Growing up my family always went to the Jersey shore for the summer where there are big beaches, big boardwalks and plenty of parking. When deciding on a beach house, the Jersey shore was too commercial for us and we wanted the quaintness of Rehoboth Beach. My husband and I have been here together for over 20 years and have enjoyed the peacefulness of the town.
My husband and I have lived in Stable Court for over 10 years and all 10 years we have had a view of the Rehoboth Golf Park. We have enjoyed taking walks with our dog on the golf coursethrough the neighboring developments. We have enjoyed many years of watching families of deer coming up to our yards along with other of Mother Nature's beauty.
Our years of memories have all been demolished. Our view within 50 feet will be the back of 90 age-restricted community single-family homes. Mother Nature's families have all been evicted and the dump trucks, tractors, and construction vehicles have taken over. Even my dog is wondering where her beautiful golf course went.
Over the past several years, we have watched Rehoboth Beach grow. Land being bought, houses, townhouses and condos going up on any available inch of land. Just last year another piece of ground (that my dog ran on) 1,000 feet from us, Gateway shopping center, has been commercially devoloped into Bed Bath & Beyond, Fresh Market, Wawa, and shortly three restaurants. Currently, the road to get in and out of that center (that is the same road that I take to get to my house) is the same for the Rehoboth Beach Country Club, Ocean Outlets, Exxon, Community Bank, Holiday Inn Express and the buses for the Park and Ride. At times, it can take at least three turns of a light before I can get thru that intersection, that is, once I can get out of my developement.
Now, when I go to walk my dog, the decision is, a muddy construction area or a paved parking lot. The nearest dog park is 15 miles away in Lewes. With the current construction and traffic from the shopping center I guess the decision is to walk her on the parking lot. That is after we play frogger just trying to cross Shuttle Road to get there.
Now on Friday afternoon I am no longer excited about driving to the beach to relax to see the sunset, but anxious of what am I in store for now. I used to be excited about getting down there and going into town to shop, go to the beach, go out for dinner and walking my dog. Now I think to myself, is it worth the drive to sit in traffic trying to get out of my house? What is it going to be like once the 90 homes are up. That's 90 more cars! Now they are talking adding a three-story nursing home. Now we are adding employees, doctors, nurses, visitors and delivery trucks, the list could go on. All on a mere 23 acres of the once beautiful property Mother Nature gave to us. My "quaint" Rehoboth Beach isn't "quaint" any longer. How much is enough to the business people that own the land.

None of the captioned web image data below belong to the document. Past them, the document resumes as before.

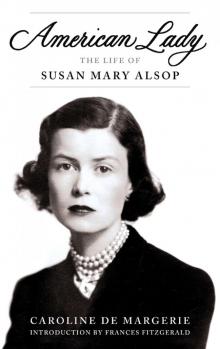 American Lady : The Life of Susan Mary Alsop (9781101601167)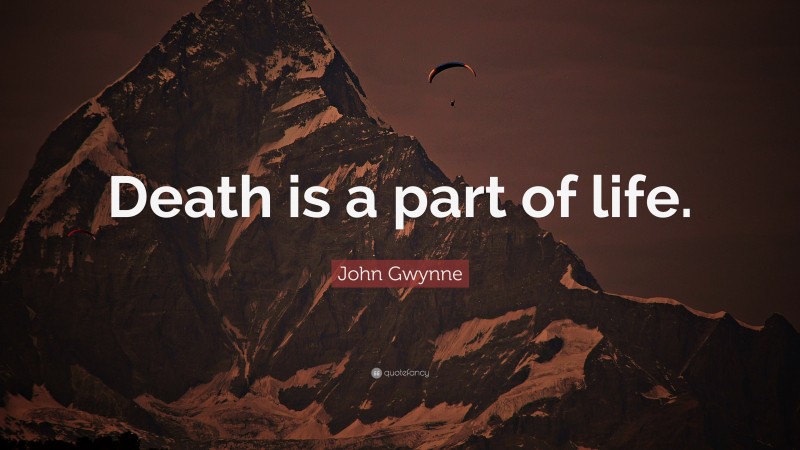 John Gwynne Quote: “Death is a part of life.”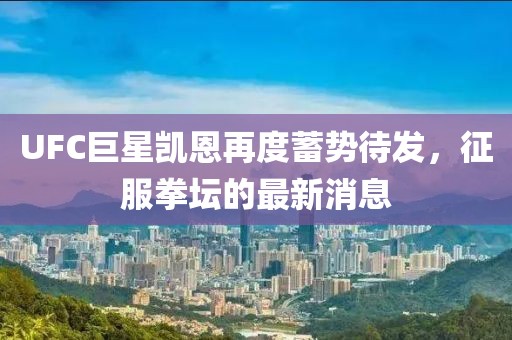 UFC巨星凱恩再度蓄勢待發(fā)，征服拳壇的最新消息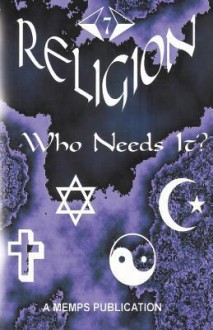 Religion - Who Needs It? - Nasir Hakim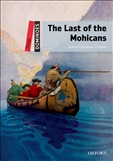 Dominoes Level 3: The Last of the Mohicans Book Second Edition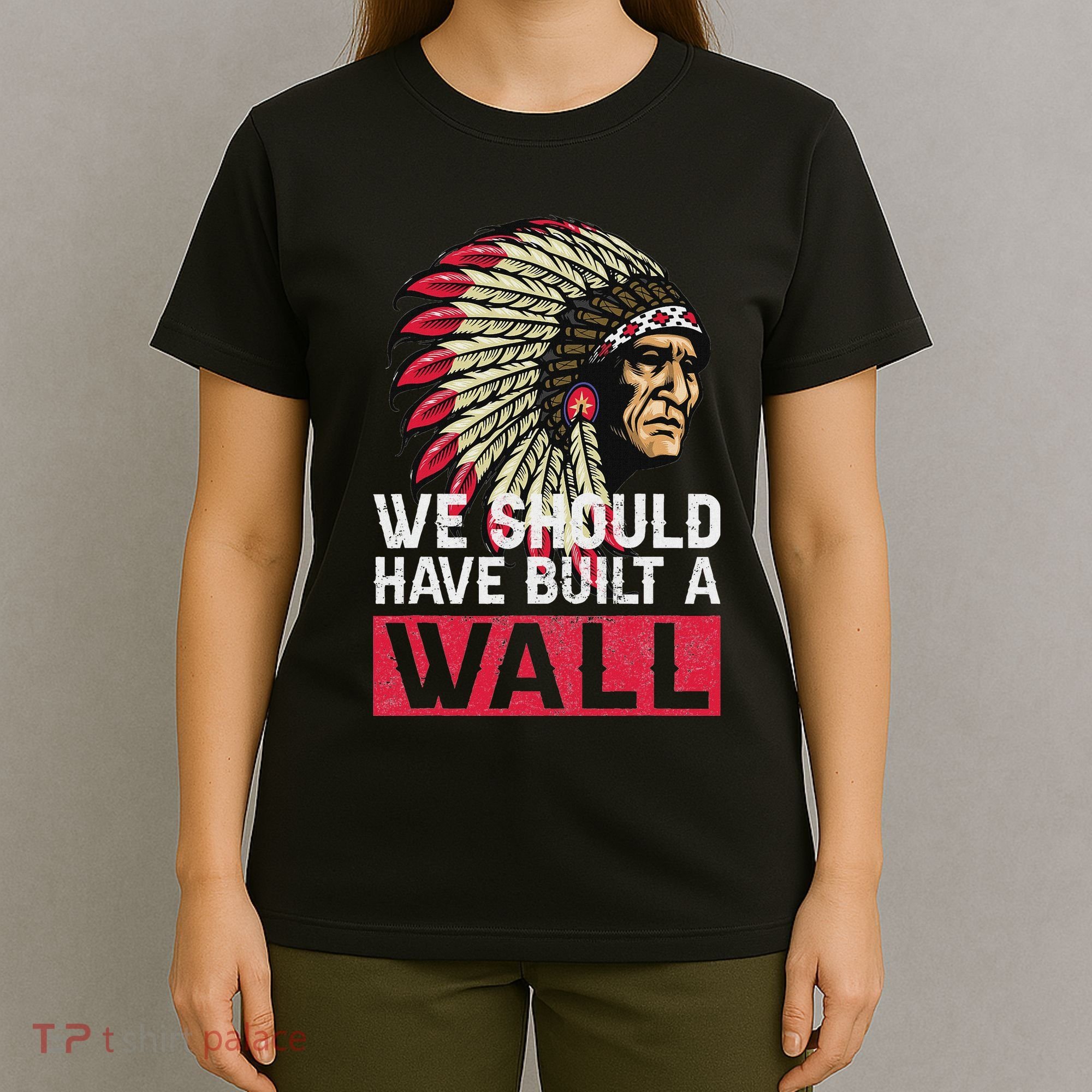 We Should Have Build A Wall Native American T-Shirt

Mr. Truitt's grandfather wanted the land to stay in the family, which I totally appreciate. I wish he was alive to see what his beautiful land had looked like and what it will look like in the future. Not the beauty it once was. I think Grandfather Truitt would have been more proud of a restored golf course in memory of him and knowing that he still had a piece of land people of Rehoboth enjoyed seeing.
But now when we hear the name, instead of what they did to keep the community their grandfather worked so hard for beautiful, but what they did to destroy it. Do you care about the residents you are affecting? How much do you need before it's enough? Will the additional nursing home be enough investment that you need? Or do you keep going? When do you stop?